А. С. Пушкин. "Путешествие в Арзрум во время похода 1829 года"
Сбились мы, что делать нам?
А. С. Пушкин. "Бесы"
Почему-то мы все время неспокойны, куда-то движемся, направляемся: то к коммунизму ("Верной дорогой идете, товарищи!"), то к капитализму, к рынку, как он обозначен в проекте. Схвачены этот шаг, эта поступь в знаковой скульптуре Веры Мухиной "Рабочий и колхозница", ныне столь же знаково разобранной на фрагменты для реставрации.
Но символ он потому и символ, что, даже распиленный, продолжает внушать. Через несколько десятилетий "похода и перехода" смотри результат, запечатленный другим художником, художником и скульптором нашего времени, Гришей Брускиным, – его герой-монумент (в картине "Шаг", 1982) делает шаг с постамента и повисает над метафизической бездной.
То, что возникает на горизонте, постоянно удаляется. "Картина маслом", в данном случае – работы Э. Булатова. Не "вечный бой", а вечный поход.
Бесконечное путешествие.
Причем со странностями: не только горизонт удаляется, но сама дорога упрямо закругляется.
То ли прямое шоссе, то ли улитка, то ли лента Мебиуса.
Видимо, недаром именно в России появился Лобачевский с его гениальным открытием, без которого не была бы возможна теория относительности А. Эйнштейна.
Параллельные – пересекаются.
Это – Россия, а не какая-то там пифагоровская Древняя Греция.

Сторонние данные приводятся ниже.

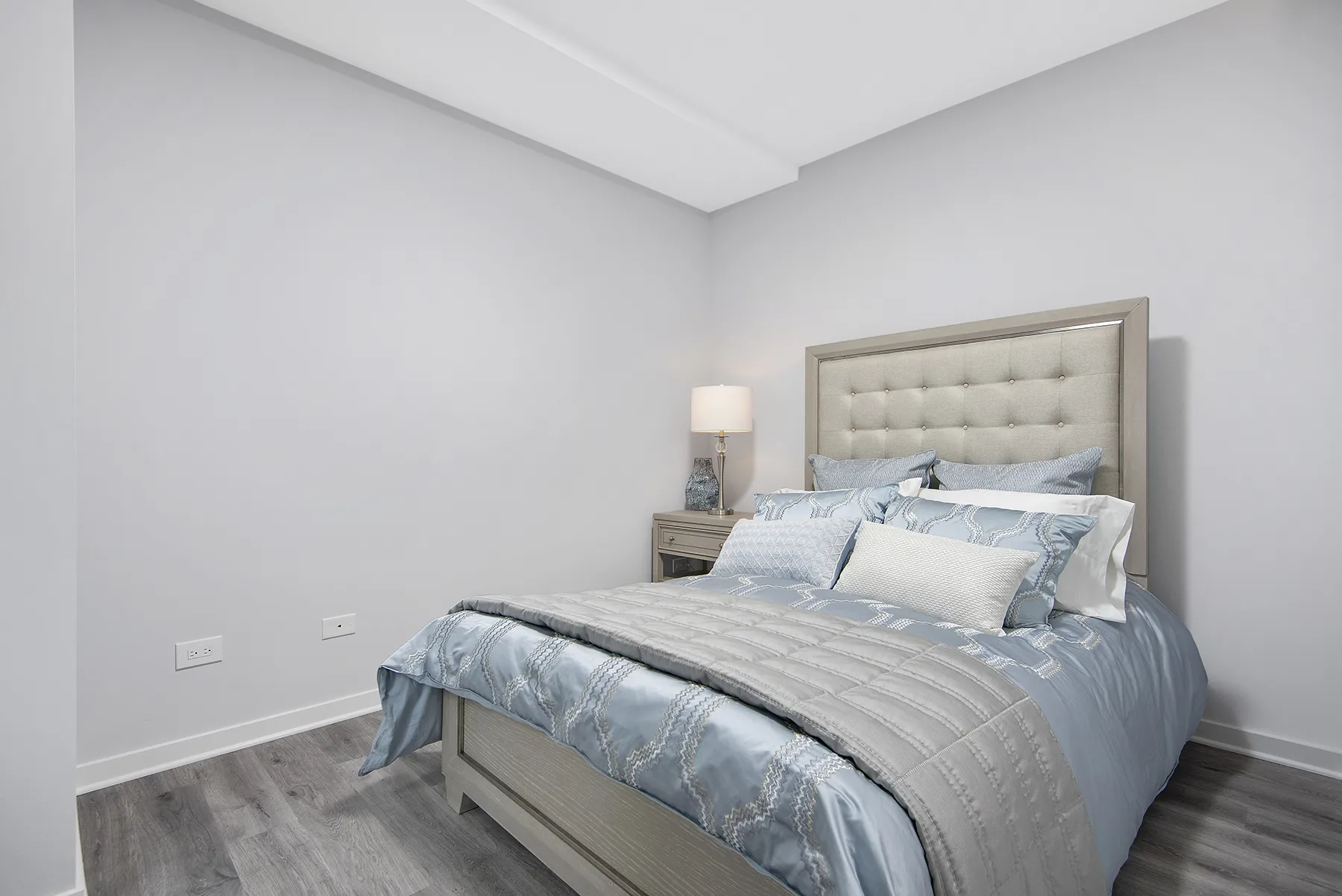 182 W Lake St, ,  60601, USA 60601-unit#3/2-Chicago-IL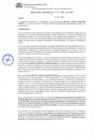 Vista preliminar de documento RESOLUCIÓN JEFATURAL N° 1728-2021-MPI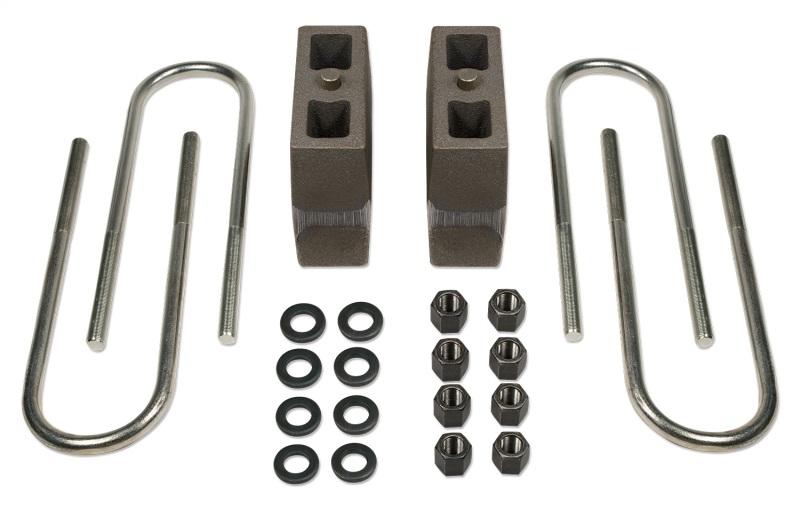 Picture of Tuff Country TUF Rear Block Kits Lift Kits - 97052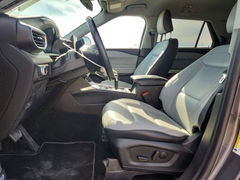 صورة رقم 7 من المزاد - 2021 FORD EXPLORER مع VIN 1FMSK7DH7MGB71011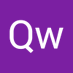Qw Qw (@qwqw57283056) Twitter profile photo Qw Qw (@qwqw57283056) Twitter profile photo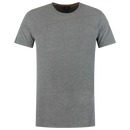 Tricorp T-Shirt Premium Naden Heren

Параллельные пересекаются, то, что располагалось наверху, оказывается внизу, и наоборот: незаметно, но все переворачивается, а невозможное – встречается.
Метафизическое пространство, которое мы предприняли попытку преодолеть, оказывается одновременно и нашим бытием, и нашей историей.
Только что (исторически думая) началась новая Россия, и вот уже, особо никого не спрашивая, вернули в старую.
Какую – старую? Нет, не в ту, а в другую. Предыдущую.
Старых России (как и новых) много. Новая Россия устремилась вперед, в поисках свободы; заблудилась; прошло энное количество лет; и вдруг страна услышала: "Свобода лучше, чем несвобода".
А мы-то думали…
* * *
Свобода передвижения – одно из главных завоеваний и реальных достижений, результатов движения страны к гражданским свободам – последних – надцати лет. Помню острые ощущения первого свободного перелета за границу (!) – ведь граница-то раньше и впрямь была на замке, а занавес действительно был железным.
И никакой там не грезилось еще Италии с Римом, Флоренцией и Венецией (откормленный этим культпоходом соотечественник ныне ищет изыски, забираясь куда-нибудь поглубже в Тоскану). Никакого парижского "уикенда" или "императорской Вены", а предложение покататься с детьми на лыжах в Австрии было бы воспринято как сдвиг гоголевского сумасшедшего.